The case was different with Amon Hlatwayo (not real name), who operates as vendor in the capital. He said he would not go unregistered despite the inordinate delays inherent in the registration process.
He said he would rather endure to register as a voter than to endure the economic situation in the country. He urged others to brave for those few hours so that they will be empowered to choose a leader of their choice next year.
“With what I am seeing in the country, I will not leave this place unregistered; we have suffered so much at the hands of this government. We should take this opportunity to register so that we do away with this current system,” said Hlatwayo who had just been chased from where he operates as a vendor by the Police.
This is all but a synopsis of how the vaunted BVR process is unfolding. As per what this reporter went through and other experiences elsewhere, there are fears that a stage has been set for voter apathy.
Besides the inefficiency in the BVR process, which has resulted in many people turning away without registering, there are growing cases of politically motivated violence.

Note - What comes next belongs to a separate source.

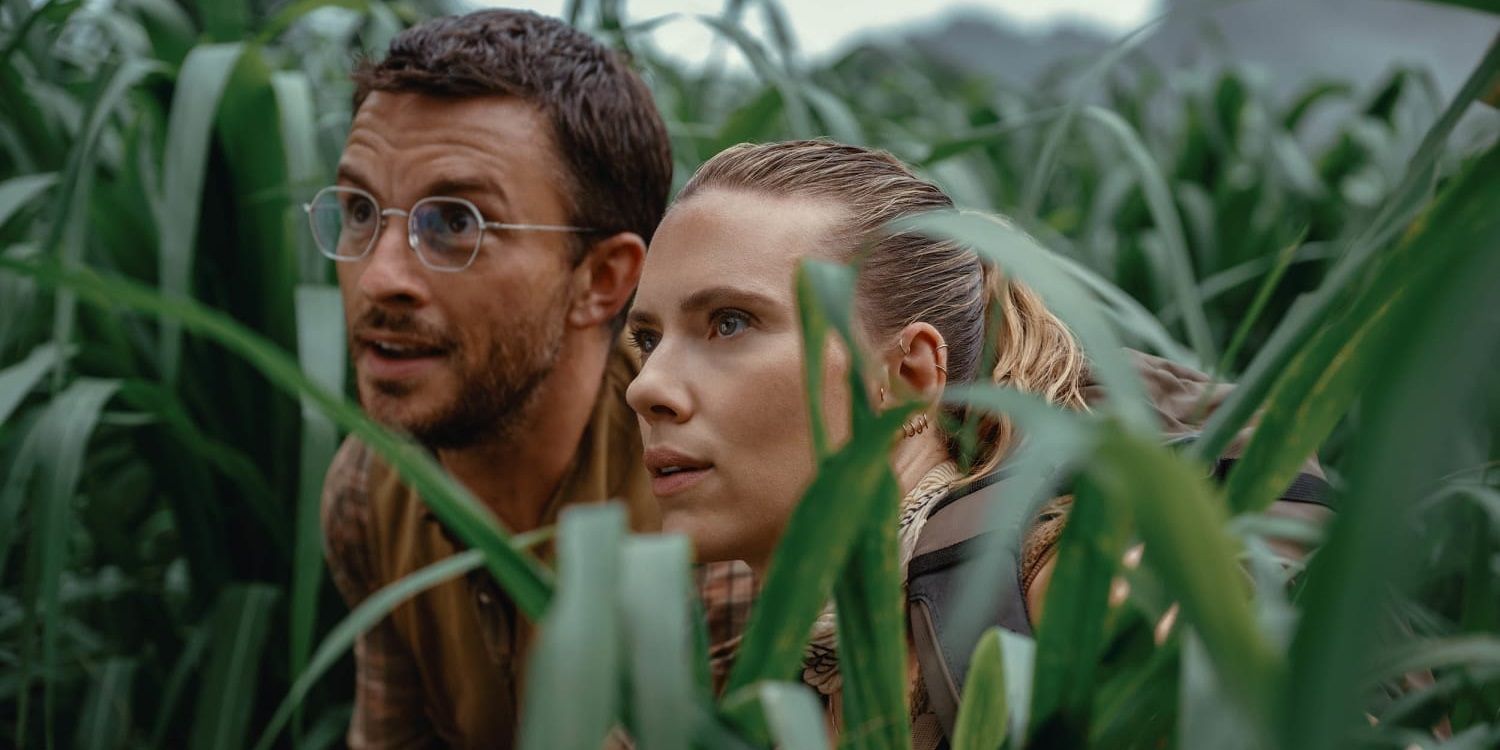 Jonathan Bailey and Scarlett Johansson in the tall grass in Jurassic World Rebirth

A week ago MDC-T supporters who were mobilising their members to go and register to vote were severely assaulted by suspected ZANU PF youths in Chitungwiza.
Election Resource Centre (ERC), a local election monitoring body said it was very worried about the incidences of violence, which it says is likely to compromise the fairness of the 2018 elections.
“These acts of intimidation and violence threaten the right of people to exercise their constitutionally guaranteed freedoms of peaceful assembly, expression and association, under Section 67 of the Constitution of Zimbabwe. Tolerance of divergent views and opinions is a crucial pillar of democracy, said ERC in a statement.
“These acts are liabilities to the international principles of voter registration such as comprehensiveness, inclusivity and credibility”, added ERC, which says its Call Centre and other dialogue and monitoring platforms have received feedback suggests a sharp increase of intimidation and violence during the ongoing voter registration exercise.
The Zimbabwe Election Support Network (ZESN), another election monitoring organisation also said it has received reports of intimidation in relation to the ongoing BVR process.
“We have received reports of intimidation, especially in rural areas, whereby registrants are being misinformed about the BVR and its purpose. Potential registrants are being threatened that having registered using the system it is possible to know who they will vote for in the 2018 elections. These cases were reported in Mudzi North Ward 1, Murewa North Ward 4 and Muzarabani Ward 3 among other areas,” said ZESN in a statement.
As ZESN further pointed out, the peddling of misinformation and intimidation of citizens that has so far characterised the BVR process “is a serious violation of the right to free participation in electoral process that threatens the credibility of the whole electoral process.”